The Data Construction Pipeline showing the three main stages: Raw Data Collection, Distilling, and Rejection Sampling.

Evaluation Highlights

+1.9% accuracy on MATH-500 for AM-Distill-Qwen-32B compared to DeepSeek-R1-Distill-Qwen-32B (96.2% vs 94.3%)
+6.5% accuracy on AIME 2024 for AM-Distill-Qwen-72B compared to DeepSeek-R1-Distill-Llama-70B (76.5% vs 70.0%)
Consistent improvements across GPQA-Diamond and LiveCodeBench benchmarks over DeepSeek-R1-Distilled baselines

Breakthrough Assessment

8/10

Provides a massive, rigorously verified dataset that allows open-source models to outperform the very models they were distilled from (DeepSeek-R1-Distilled series).
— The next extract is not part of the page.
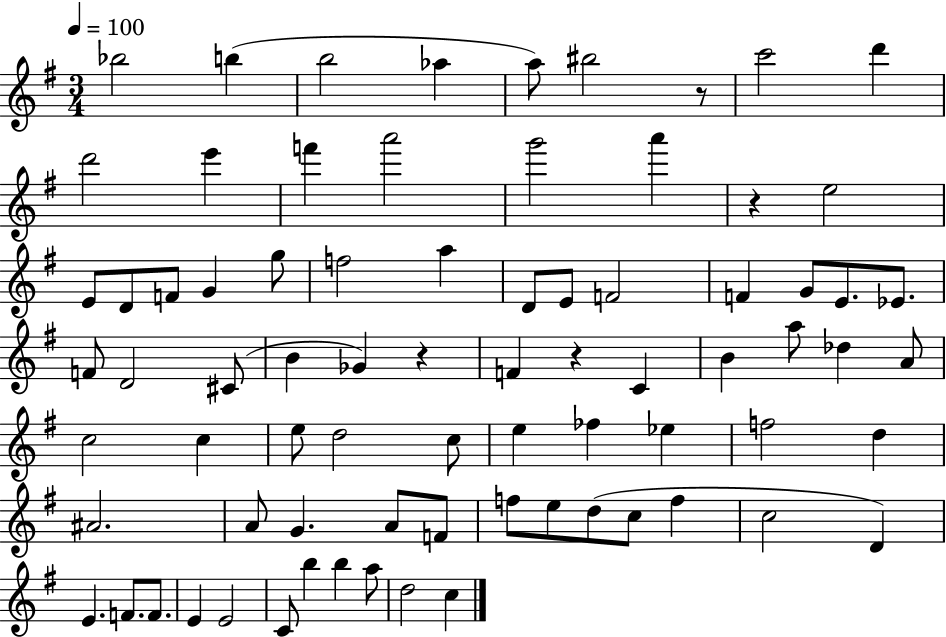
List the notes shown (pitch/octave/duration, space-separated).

Bb5/h B5/q B5/h Ab5/q A5/e BIS5/h R/e C6/h D6/q D6/h E6/q F6/q A6/h G6/h A6/q R/q E5/h E4/e D4/e F4/e G4/q G5/e F5/h A5/q D4/e E4/e F4/h F4/q G4/e E4/e. Eb4/e. F4/e D4/h C#4/e B4/q Gb4/q R/q F4/q R/q C4/q B4/q A5/e Db5/q A4/e C5/h C5/q E5/e D5/h C5/e E5/q FES5/q Eb5/q F5/h D5/q A#4/h. A4/e G4/q. A4/e F4/e F5/e E5/e D5/e C5/e F5/q C5/h D4/q E4/q. F4/e. F4/e. E4/q E4/h C4/e B5/q B5/q A5/e D5/h C5/q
Highly impactful resource.

⚙️ Technical Details

Problem Definition

Setting: Supervised Fine-Tuning (SFT) of Large Language Models for general reasoning tasks

Inputs: Reasoning problems (Math, Code, Science, General)

Outputs: Chain-of-thought reasoning traces followed by the final answer

Modeling

Base Model: Qwen2.5-32B and Qwen2.5-72B

Training Method: Supervised Fine-Tuning (SFT)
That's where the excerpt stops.